▶ _WHAT YOU SHOULD DO_: Starting at the first line of the entries below, restate each line exactly until you reach the line with "First I'll navigate", and print that one too. Leave the pictures out and stop there.

▶ _AVAILABLE DATA_:
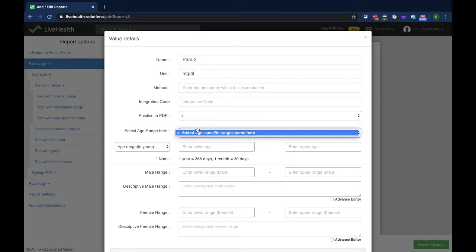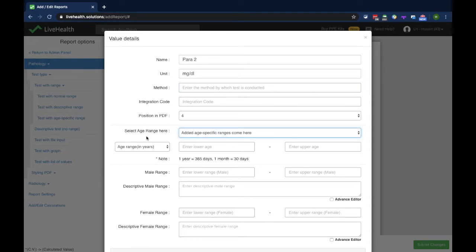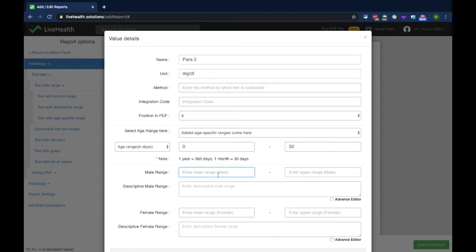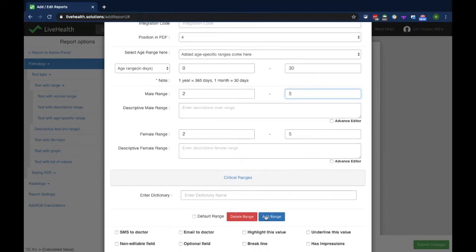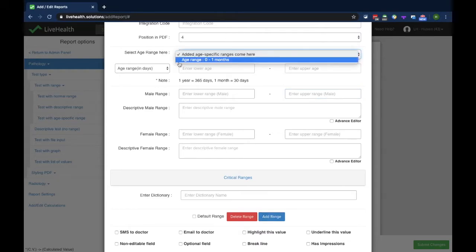The unit is again mg/dL. First I need to enter the age for which I want to enter the range. Suppose I want to add a neonatal range for a newborn baby: I'll select 0 days to 30 days and set the range as 2 to 5. I can change the female range if I want, then click add range — that range for 0 to 30 days is now added.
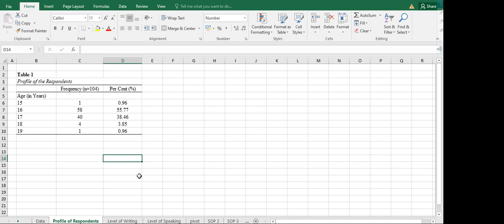This is again your Teacher Jenny. I hope that you learned something. By the way, this is already the table that you are going to present under the data analysis for the demographic profile of your respondents.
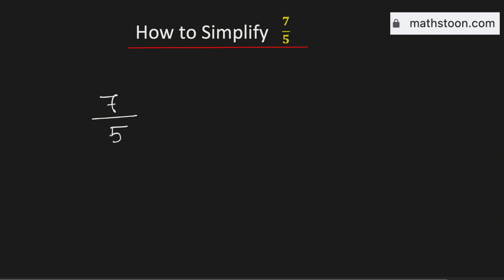Now to write this as a mixed number we need to divide 7 by 5. We know that 5 goes into 7 one time and 2 is left over. Therefore, 7 over 5 as a mixed fraction is equal to 1 and 2 fifths.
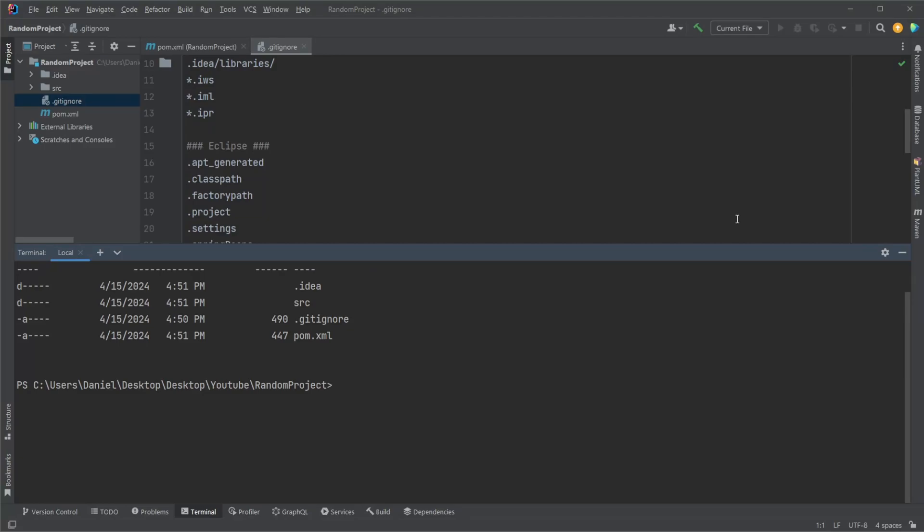Hey, it's RandomCode here and today I want to do a quick little video showcasing how we can set up our first GitHub project. So just to kind of demonstrate how it would work, I first, inside IntelliJ, created a basic Java project.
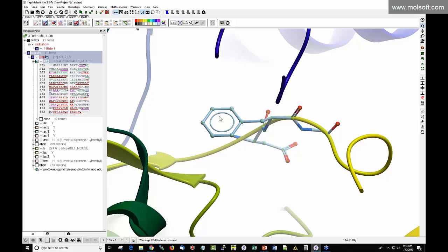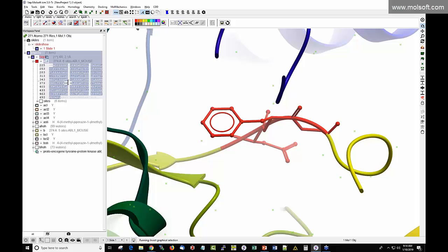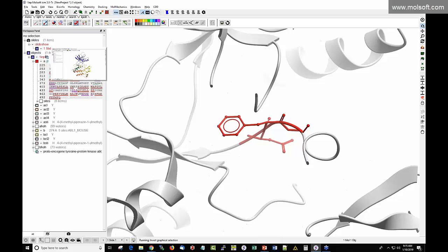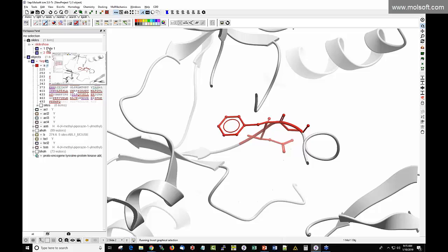Color the DFG region red using the color panel, which responds only to your current selection. To color everything outside the DFG a different color, click the invert selection button (the exclamation mark), which selects everything except the DFG. Then color that inverted selection white. Now you can make a second slide, giving you two slides you can toggle between to compare the two representations.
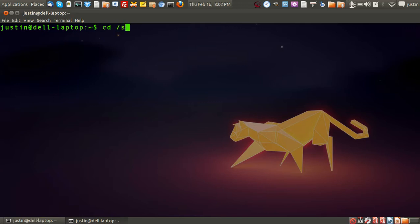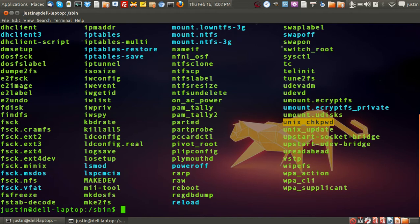First I'll navigate to it, cd forward slash sbin. Now I'll press ls to check out the directory.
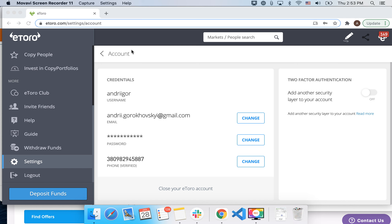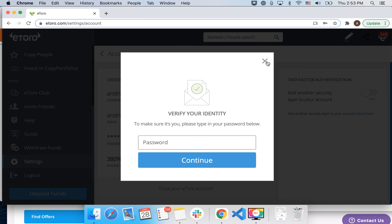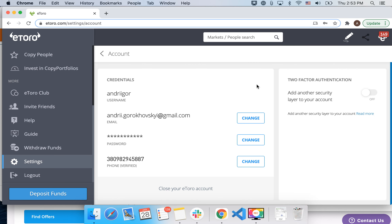To change your email address in eToro, go to eToro.com/settings/account or tap on settings in the sidebar. There you will find your email field. Enter your password and you will be able to change your email. You can also change your phone number there.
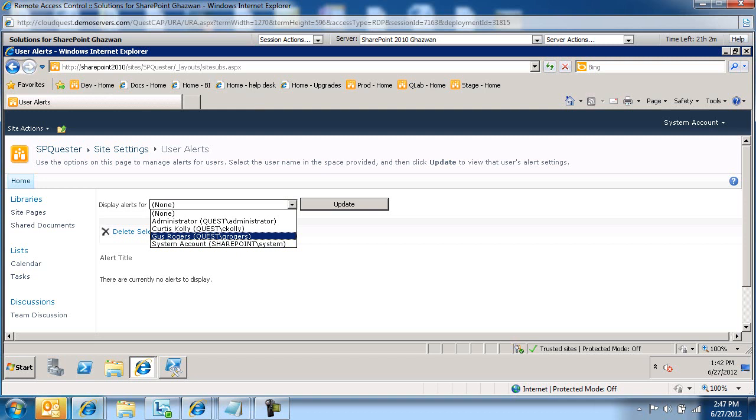So this is how we remove alerts for a specific user from a web application. This concludes this recording. Thanks for tuning in.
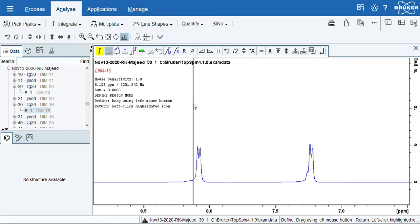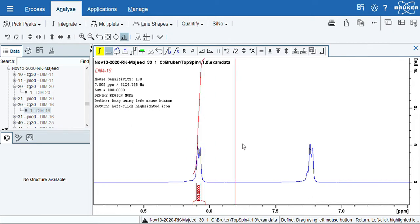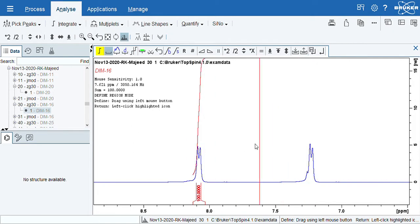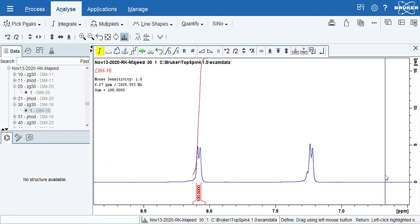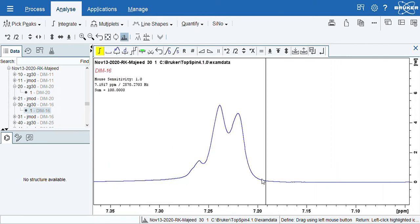Now you can do the integration. So integration is nothing but you need to drag your cursor for the peak. Basically it will take your area. So in this peak I have solvent peak also, so I am just zooming. Then I will select it and basically do the integration of this.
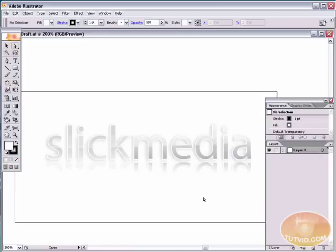Hello and welcome to this video tutorial brought to you by tutvid.com. Here today we're going to learn how to make this glassy, reflective, shiny text in Adobe Illustrator.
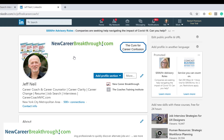People want to hire people they're going to enjoy working with. So it's important to use an image that helps people see that you're likable — you have a smile on your face, and you come across as the kind of friendly person someone may want to work with.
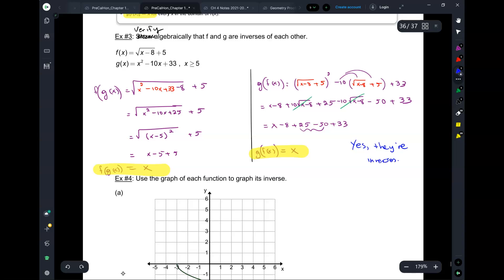You need to get x for both compositions — it's an all-or-nothing deal. You either get x for both, or it doesn't work. If you do the first one and don't get x, it already fails, so you can move on. It has to be plain x — not 2x or any other expression.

▶ _RESULT_:
The unit is again mg/dL. First I need to enter the age for which I want to enter the range. Suppose I want to add a neonatal range for a newborn baby: I'll select 0 days to 30 days and set the range as 2 to 5. I can change the female range if I want, then click add range — that range for 0 to 30 days is now added.
This is again your Teacher Jenny. I hope that you learned something. By the way, this is already the table that you are going to present under the data analysis for the demographic profile of your respondents.
Now to write this as a mixed number we need to divide 7 by 5. We know that 5 goes into 7 one time and 2 is left over. Therefore, 7 over 5 as a mixed fraction is equal to 1 and 2 fifths.
Hey, it's RandomCode here and today I want to do a quick little video showcasing how we can set up our first GitHub project. So just to kind of demonstrate how it would work, I first, inside IntelliJ, created a basic Java project.
Color the DFG region red using the color panel, which responds only to your current selection. To color everything outside the DFG a different color, click the invert selection button (the exclamation mark), which selects everything except the DFG. Then color that inverted selection white. Now you can make a second slide, giving you two slides you can toggle between to compare the two representations.
First I'll navigate to it, cd forward slash sbin. Now I'll press ls to check out the directory.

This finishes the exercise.